Kerem Görsev, Fotoğraf: Haggay Baysel

NY: Sergiyle paralellik kuran bir çalışma mı yaptı?

EG: Aslında Caner Anar zaten kendi çalışmalarını yapıyordu ve onun işleri sergi ile örtüşüyordu. Davet eder etmez de geldi. Gerçekten de açılışta farklı bir etki de yarattı bu birliktelik. Biz de böylece farklı sanat dallarının birlikteliğini video-fest sergisinde gösterdik. Etkinlikleri böylesi paslaşmalarla devam ettirmek istiyoruz. Örneğin ustalara saygı sergisinde biz de müziğin ustalarına saygı çerçevesinde bir çalışma ortaya koyabiliriz. Her zaman bir bütünlük ortaya koyamasak da eşzamanlılık yakalayabiliriz, diye düşünüyorum. Özellikle yeni-medya sanatı kapsamında görsel ve işitsel sanatların bir arada sunulabileceği, aralarında iletişim kurulabileceği bir planlama yaptık şimdiden. Sadece işin bürokratik kısmı kaldı. Planlarımızı hayata geçirdiğimiz takdirde bunun daha büyük bir festivale dönüşeceğini düşünüyorum çünkü İzmir’de böyle bir açlık da var. Öte yandan daha bütünleyici bir şey oluşturmak istiyoruz. Örneğin Anıl Piyancı rap yapan bir arkadaşımız. Gelip sergide kendi müziğini oluşturabilir. Bir dönem Grafiti ile rap müziğin sokağa ait oluşlarıyla bütünleşmesi gibi bugün de farklı yaratımlar birbirlerinden beslenerek başka bir bütünlük oluşturabilirler.

NY: Farklı alanlarda üreten sanatçıların bir araya gelmesi bir sinerji yaratır kuşkusuz. Hatta olası bir kısırlaşmayı engelleyip üretimi de etkileyecektir bu tavır.
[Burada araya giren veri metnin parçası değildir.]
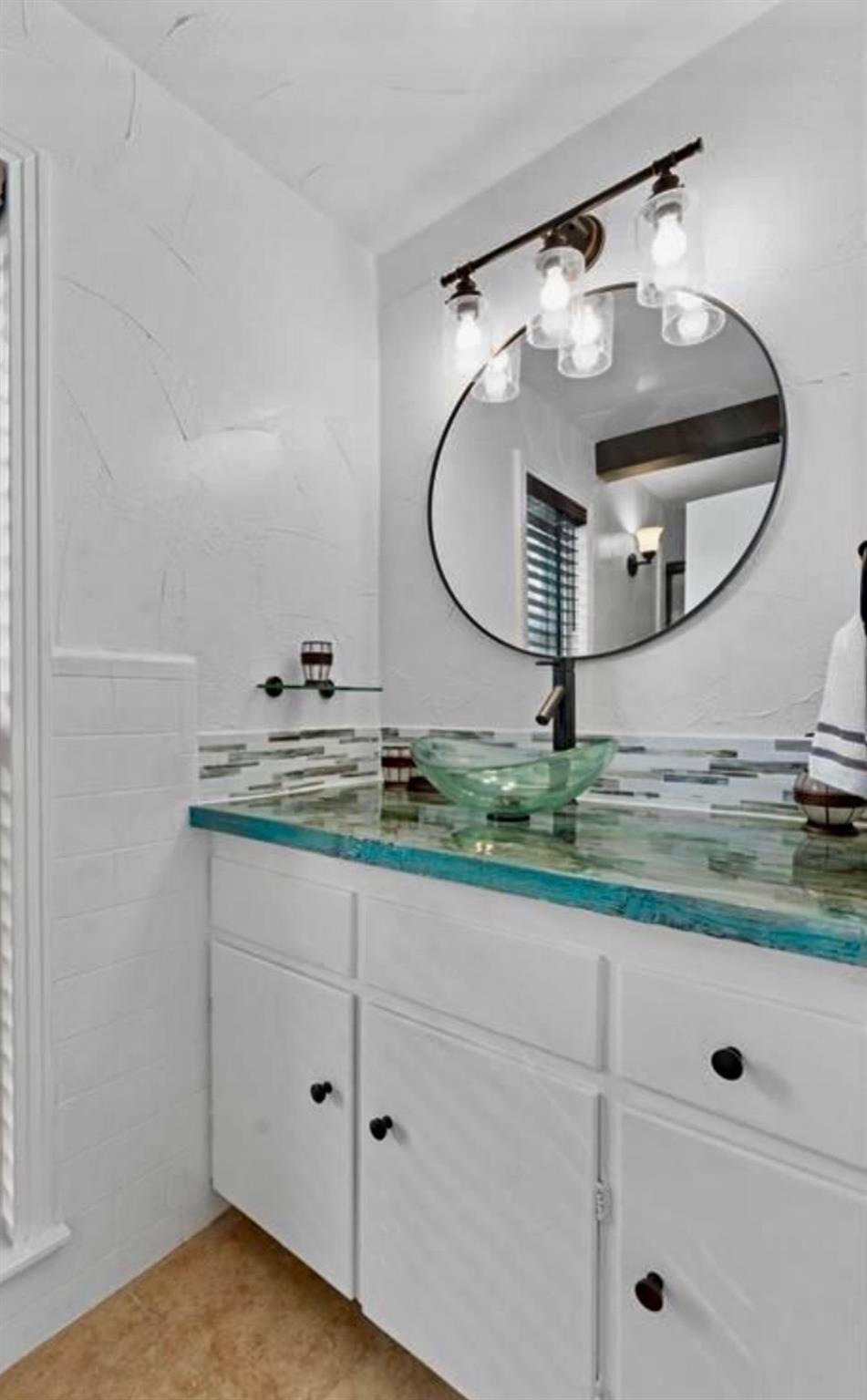 17416 Sleepy Hollow Dr, Lago Vista, TX 78645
EG: Aslında ben üretimde sorun olduğunu düşünmüyorum. Birçok kişi söz ettiğiniz kısırlaşmayı yaşamıyor. Üretim var ama kafalarımızın içinde kalıyor. Çünkü bunu sergileyecek, gösterecek alanlar olması, bunun için de gerek kamu alanında gerek özel sektörde finansörlerin bu işi ciddiye alması gerek. Ciddi dediğimizde takım elbiseli bürokrasiyi algılıyoruz biz. Sanat o kadar da değilmiş gibi geliyor. Batman baskılı bir tişörtüm var, bazen onu giyerim ve insanlara bu karakteri tanıyıp tanımadıklarını sorarım. Herkes tanır tabii. Öte yandan sokaklarda kötülerle dövüşen bir süper kahramandır Batman ve ciddi bir iştir. Onun tişörte basılması bir finans yaratıldığı ve hatta kültür ihraç edildiği anlamına gelir. Peki, biz bu filmin yönetmenini buraya getirebilir miyiz? Ya da müziklerini yapan Hans Zimmer’a konser verdirebilir miyiz? Yapamıyorsak aslında ciddiyetsiziz. Aslında İzmir’de büyük bir potansiyel var ama dediğim gibi finansörlerin buraya bakmaları, gerçekten ciddiye almaları gerek.

* “Ahmed Adnan Saygun Sanat Merkezi (AASSM), sanata dair uzun soluklu bir düşün gerçeğe dönüşmesi” cümlesiyle başlıyor merkezin web sitesindeki tanıtımı.